LivingSocial posted a net loss of $566 million for the third quarter after it wrote down the value of several daily deal firms it acquired last year.
The D.C.-based online deal purveyor spent millions of dollars from investors buying like-minded companies in foreign countries last year, and it is unclear whether the acquisitions can regain their value.
Overall, LivingSocial recorded about $124 million in revenue during the quarter, a 10 percent decline from the $138 million it pulled in during the second quarter. Meanwhile, operating expenses fell 17.5 percent, to $193 million.
LivingSocial is a privately held company; details about its quarterly financial results were disclosed in a message chief executive Tim O’Shaughnessy sent to employees Thursday that was obtained by Capital Business. (O’Shaughnessy is the son-in-law of Donald E. Graham, chairman and chief executive of The Washington Post Co.)
O’Shaughnessy’s note said the quarterly loss included $496 million related to the decline in value of recent acquisitions and an additional $45 million related to stock compensation and other items.
“As you know, the market has also dropped over that same time for similar public tech companies,” O’Shaughnessy wrote in the memo. “Those changes in valuation showed up as an ‘impairment’ in our financial statements, but they do not affect the day-in, day-out operations of the business.”

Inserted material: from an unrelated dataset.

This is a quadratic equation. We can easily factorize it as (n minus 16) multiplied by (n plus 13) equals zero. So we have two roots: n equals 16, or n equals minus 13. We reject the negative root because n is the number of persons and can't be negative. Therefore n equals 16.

LivingSocial has attempted to sell off some of its international operations, including a daily-deals Web site in the Middle East that was shuttered earlier this year.
Still, O’Shaughnessy said the company is gaining market share in North America compared with its competitors. September, he wrote, brought the company its first month of positive operating cash flow since 2009.
“In other words, we ended the last month of the quarter with more money in the bank than we had at the beginning of the month, marking an important milestone on our path to profitability and long-term success,” he wrote.
More details about LivingSocial finances could come Friday when Internet giant Amazon.com, which owns nearly a third of LivingSocial after investing in the company two years ago, files its own financial report with the Security and Exchange Commission.
Recent Amazon filings have shown LivingSocial’s losses narrowing. The company posted a net loss of $93 million during the second quarter, an improvement from a $198 million loss during the same period in 2011.
Sentiments on Wall Street about LivingSocial’s prospects have been intrinsically tied to competitor and market leader Groupon. The Chicago-based firm went public last November to much fanfare, but its stock price has fallen since.
Both companies have sought to diversify beyond the daily deals business that brought them such rapid success. LivingSocial and Groupon now sell travel getaways and day-to-day consumer goods, often at steep price discounts.
LivingSocial has invested heavily in creating one-of-a-kind events, such as taco nights and beer-tasting festivals, in partnership with local merchants. An events space at 918 F St. NW in Washington opened in February as a venue for concerts, cooking demonstrations and art classes.
A spokesman for the company declined to comment.